Lina is devastated by all the change and reeling from all the things her mother never told her. For one, Lina has never known who her father is and somehow the assumption that it must be Howard has stuck. Two, she is living in a cemetery after her mother has died. Three, she makes a few friends from the local international school, which is where she meets her love interest, Ren, who becomes her boyfriend by the end of the novel. In the midst of all of this, another character, Sonia, delivers to Lina a journal that her mother had sent ahead of her. Sonia believes the journal is meant for Lina, but by the end of the novel Lina realizes that it was meant for Howard. Using the journal entries, Lina retraces her mother’s steps to uncover what really happened between her mom and Howard, hoping to get insight about her father. However, the plot twist - which was easy to see coming - is that Howard is not her father, another man is. Lina visits her actual father and it is quite clear why her mother kept her away from him all these years. After revealing the journal and what she has learned to Howard, the two come to an understanding that he was deeply in love with Lina’s mother and that he wants to care and provide for Lina.
If that storyline wasn’t enough, Welch adds in a whole extra layer in which Lina is pinning after the “hot boy” Thomas from the international school, but it isn’t long before she realizes she really likes Ren. However, Ren has a Swedish girlfriend who is not happy about Lina’s intrusion into her life. This is where much of some of the more inappropriate action takes place.

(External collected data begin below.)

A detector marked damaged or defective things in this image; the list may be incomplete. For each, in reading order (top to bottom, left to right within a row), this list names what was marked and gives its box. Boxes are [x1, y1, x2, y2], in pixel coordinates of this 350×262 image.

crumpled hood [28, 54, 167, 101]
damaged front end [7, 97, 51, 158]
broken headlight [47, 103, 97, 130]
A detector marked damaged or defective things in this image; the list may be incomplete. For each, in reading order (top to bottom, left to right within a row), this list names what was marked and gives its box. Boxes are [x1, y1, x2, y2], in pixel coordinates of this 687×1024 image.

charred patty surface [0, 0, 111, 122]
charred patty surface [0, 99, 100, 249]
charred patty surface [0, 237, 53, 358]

Below, I will list the noteworthy items that appear and what may be cautionary. Those items are typically tied closely to Lina’s mother, Hadley, and to Lina herself.

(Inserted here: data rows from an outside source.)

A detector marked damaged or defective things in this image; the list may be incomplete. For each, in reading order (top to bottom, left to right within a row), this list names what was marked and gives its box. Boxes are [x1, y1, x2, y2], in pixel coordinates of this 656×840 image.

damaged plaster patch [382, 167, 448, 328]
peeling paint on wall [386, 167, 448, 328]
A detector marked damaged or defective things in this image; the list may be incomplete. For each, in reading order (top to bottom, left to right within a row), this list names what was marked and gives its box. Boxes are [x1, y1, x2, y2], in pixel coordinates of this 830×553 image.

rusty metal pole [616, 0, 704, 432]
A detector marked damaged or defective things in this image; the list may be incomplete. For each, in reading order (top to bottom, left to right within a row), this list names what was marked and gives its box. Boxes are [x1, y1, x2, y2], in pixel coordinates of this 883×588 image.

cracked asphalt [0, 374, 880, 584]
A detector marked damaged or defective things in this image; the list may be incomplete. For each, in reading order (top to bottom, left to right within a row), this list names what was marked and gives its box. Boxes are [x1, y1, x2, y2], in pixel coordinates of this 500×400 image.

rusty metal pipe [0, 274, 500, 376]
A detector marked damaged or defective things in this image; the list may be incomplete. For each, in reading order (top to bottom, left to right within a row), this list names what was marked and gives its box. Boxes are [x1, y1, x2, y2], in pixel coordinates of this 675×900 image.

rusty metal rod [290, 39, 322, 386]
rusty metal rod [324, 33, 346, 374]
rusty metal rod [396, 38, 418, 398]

“His voice was hopeful, but I slumped back in my seat, a swarm of questions taking flight in my mind. If she loved it so much, then why didn’t she ever tell me about it? Why didn’t she ever talk about you until she got sick? And for the love of all that’s holy, what made her leave out the teeny-tiny detail that you’re my father?” (9).
Addie is Lina’s best friend back at home in Seattle. At the start of chapter 2, a bit of their history and meeting is told. In this telling there is talk about a girl named Sadie who used to bully and tease the other girls and in one instance it was about those who do and who do not need to wear bras. Addie defended her in the situation, and they had been friends ever since (20).
“If Addie were a superhero, her power would be Ability to Make Your Best Friend Feel Normal. [...] She was the kind of friend you knew you couldn’t possibly deserve” (21).
“Turns out reality is as hard and unforgiving as that fire hydrant Addie and I had run into. And I had to live the whole rest of my life without her. I really did” (30).
An old lady appears at Lina's Florence home looking for Howard. In the midst of telling her life story, she mentions “a bunch of horny old dogs” on a cruise in which she met her now husband Hank. She goes on to tell how they moved in together and then quickly got married because they didn’t like “living in sin” (36).
On page 42 and 43, Lina is going for a run when a car full of Italian boys begin to harass her. She ends up running back to the cemetery to get away from them.
In speaking with Sonia, Lina says, “So they were, together together? It wasn’t like a one-night stand between friends or something?” (50). The thought of a one-night stand causing Lina’s conception was a theory her friend Addie had proposed.
In her mother’s journal, Lina reads a conversation that Hadley had written down when telling her parents her plan to go to Italy and not nursing school. In this interaction as she is nervous of the news she needs to tell her parents there is questioning that jumps to asking “are you pregnant?” and “are you gay?” (94). Of course neither are true, but that is what is presented to young readers.
In several conversations with Addie, they discuss boys.
“Jake Harrison? Hot senior lacrosse player? Tried to ask you out for like two months?” (107).
On page 124-125, Lina meets Thomas for the first time and talks about how good he looks and there is a comparison to him being “like a god”.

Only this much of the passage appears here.